I understand your idea, I agree we can use SEA notification for guest if it is SIGBUS_MCEERR_AR.
I am worried about the SIGBUS_MCEERR_AO.
if it is SIGBUS_MCEERR_AO, we can choose SEI, IRQ or POLLed notification. so according to what principles to choose that?
In my platform, there is another issue.
for the stage2 fault, we get the IPA from the HPFAR_EL2 register,
but for huawei's CPU, if it is data Error(DFSC[5:0] is 0b010000), not translation error(DFSC[5:0] is 0b0101xx),
the HPFAR_EL2 is NULL, so the IPA is not recorded, in our current KVM code, we get the IPA from the HPFAR_EL2, so
we can not get the right IPA value, because its value is zero.I do not know whether you have same issue.
Although hpfar_el2 does not record IPA, but host firmware can still record the PA
If call memory_failure(), memory_failure can translate the PA to host VA, then deliver host VA to Qemu. Qemu can translate the host VA to IPA.
so we rely on memory_failure() to get the IPA.
>
>
> Thanks,
>
> James
>
> .
>
Hi James
On 2017/9/14 21:00, James Morse wrote:
> Hi gengdongjiu,
> user-space can choose whether to use SEA or SEI, it doesn't have to choose the
> same notification type that firmware used, which in turn doesn't have to be the
> same as that used by the CPU to notify firmware.
>
> The choice only matters because these notifications hang on an existing pieces
> of the Arm-architecture, so the notification can only add to the architecturally
> defined meaning. (i.e. You can only send an SEA for something that can already
> be described as a synchronous external abort).
>
> Once we get to user-space, for memory_failure() notifications, (which so far is
> all we are talking about here), the only thing that could matter is whether the
> guest hit a PG_hwpoison page as a stage2 fault. These can be described as
> Synchronous-External-Abort.
>
> The Synchronous-External-Abort/SError-Interrupt distinction matters for the CPU
> because it can't always make an error synchronous. For memory_failure()

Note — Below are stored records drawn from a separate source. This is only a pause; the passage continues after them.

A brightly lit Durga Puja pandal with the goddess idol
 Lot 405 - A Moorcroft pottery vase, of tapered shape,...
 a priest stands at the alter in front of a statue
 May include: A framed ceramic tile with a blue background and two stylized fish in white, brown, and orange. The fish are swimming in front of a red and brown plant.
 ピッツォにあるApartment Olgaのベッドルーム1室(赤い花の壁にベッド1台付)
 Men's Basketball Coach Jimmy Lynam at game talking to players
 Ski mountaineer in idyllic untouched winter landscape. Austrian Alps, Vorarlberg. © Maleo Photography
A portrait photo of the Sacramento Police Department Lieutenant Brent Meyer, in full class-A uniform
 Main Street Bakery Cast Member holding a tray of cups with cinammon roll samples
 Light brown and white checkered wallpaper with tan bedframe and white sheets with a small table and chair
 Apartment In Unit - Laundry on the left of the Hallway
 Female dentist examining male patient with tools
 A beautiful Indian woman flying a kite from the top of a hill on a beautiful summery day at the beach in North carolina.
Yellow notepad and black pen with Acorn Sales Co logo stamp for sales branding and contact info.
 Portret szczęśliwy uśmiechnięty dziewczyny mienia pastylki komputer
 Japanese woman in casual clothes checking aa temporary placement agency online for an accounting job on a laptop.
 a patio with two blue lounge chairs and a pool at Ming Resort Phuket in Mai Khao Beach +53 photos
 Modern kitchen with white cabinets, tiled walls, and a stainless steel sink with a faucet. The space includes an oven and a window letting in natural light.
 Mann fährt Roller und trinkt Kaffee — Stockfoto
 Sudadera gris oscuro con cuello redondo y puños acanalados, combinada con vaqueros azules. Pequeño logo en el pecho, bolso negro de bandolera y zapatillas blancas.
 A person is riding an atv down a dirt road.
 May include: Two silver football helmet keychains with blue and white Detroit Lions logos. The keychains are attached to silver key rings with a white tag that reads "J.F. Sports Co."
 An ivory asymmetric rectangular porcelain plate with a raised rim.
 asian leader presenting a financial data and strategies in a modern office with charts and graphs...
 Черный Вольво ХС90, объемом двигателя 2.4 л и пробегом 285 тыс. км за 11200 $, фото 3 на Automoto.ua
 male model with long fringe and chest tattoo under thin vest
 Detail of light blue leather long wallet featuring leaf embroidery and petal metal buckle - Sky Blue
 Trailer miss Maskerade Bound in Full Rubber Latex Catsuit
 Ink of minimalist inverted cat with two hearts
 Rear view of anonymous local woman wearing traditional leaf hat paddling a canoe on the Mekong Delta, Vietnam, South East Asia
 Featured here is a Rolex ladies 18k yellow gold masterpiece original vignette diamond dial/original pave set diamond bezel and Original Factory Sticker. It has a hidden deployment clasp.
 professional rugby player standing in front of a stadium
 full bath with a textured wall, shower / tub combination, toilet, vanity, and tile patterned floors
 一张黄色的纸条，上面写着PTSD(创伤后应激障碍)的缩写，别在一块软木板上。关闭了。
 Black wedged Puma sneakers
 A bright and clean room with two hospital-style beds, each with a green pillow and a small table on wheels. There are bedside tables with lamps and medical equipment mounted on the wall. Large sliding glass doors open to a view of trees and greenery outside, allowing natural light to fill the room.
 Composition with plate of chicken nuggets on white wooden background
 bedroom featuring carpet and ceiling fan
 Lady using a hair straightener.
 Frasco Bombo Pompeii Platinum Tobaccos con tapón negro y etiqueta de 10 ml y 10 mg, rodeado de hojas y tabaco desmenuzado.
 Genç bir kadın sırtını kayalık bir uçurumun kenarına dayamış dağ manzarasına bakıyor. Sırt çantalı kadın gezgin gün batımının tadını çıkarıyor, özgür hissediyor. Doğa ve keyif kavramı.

> notifications to a KVM guest we really can do this, and we already have this
> behaviour for free. An example:
>
> A guest touches some hardware:poisoned memory, for whatever reason the CPU can't
> put the world back together to make this a synchronous exception, so it reports
> it to firmware as an SError-interrupt.
> Linux gets an APEI notification and memory_failure() causes the affected page to
> be unmapped from the guest's stage2, and SIGBUS_MCEERR_AO sent to user-space.
>
> Qemu/kvmtool can now notify the guest with an IRQ or POLLed notification. AO->
> action optional, probably asynchronous.
>
> But in our example it wasn't really asynchronous, that was just a property of
> the original CPU->firmware notification. What happens? The guest vcpu is re-run,
> it re-runs the same instructions (this was a contained error so KVM's ELR points
> at/before the instruction that steps in the problem). This time KVM takes a
> stage2 fault, which the mm code will refuse to fixup because the relevant page
> was marked as PG_hwpoision by memory_failure(). KVM signals Qemu/kvmtool with
> SIGBUS_MCEERR_AR. Now Qemu/kvmtool can notify the guest using SEA.
CC Achin
I have some personal opinion, if you think it is not right, hope you can point out.
Synchronous External Abort and SError Interrupt are hardware exception(hardware concept), which is independent of software notification,
in armv8 without RAS, the two concepts already exist. In the APEI spec, in order to better describe the two exceptions, so use SEA and SEI notification to stand for them.
SEA notification stands for Synchronous External Abort, so may be it is not only a notification, it also stands for a hardware error type.
SEI notification stands for SError Interrupt, so may be it is not only a notification, it also stands for a hardware error type.
In the OS, it has different handling flow to the two exception(two notification):
when the guest OS running, if the hardware generates a Synchronous External Abort, we told the guest OS this error is SError Interrupt instead of Synchronous External Abort.
guest OS uses SEI notification handling flow to deal with it, I am not sure whether it will have problem, because the true hardware exception is Synchronous External Abort,
but software treats it as SError interrupt to handle.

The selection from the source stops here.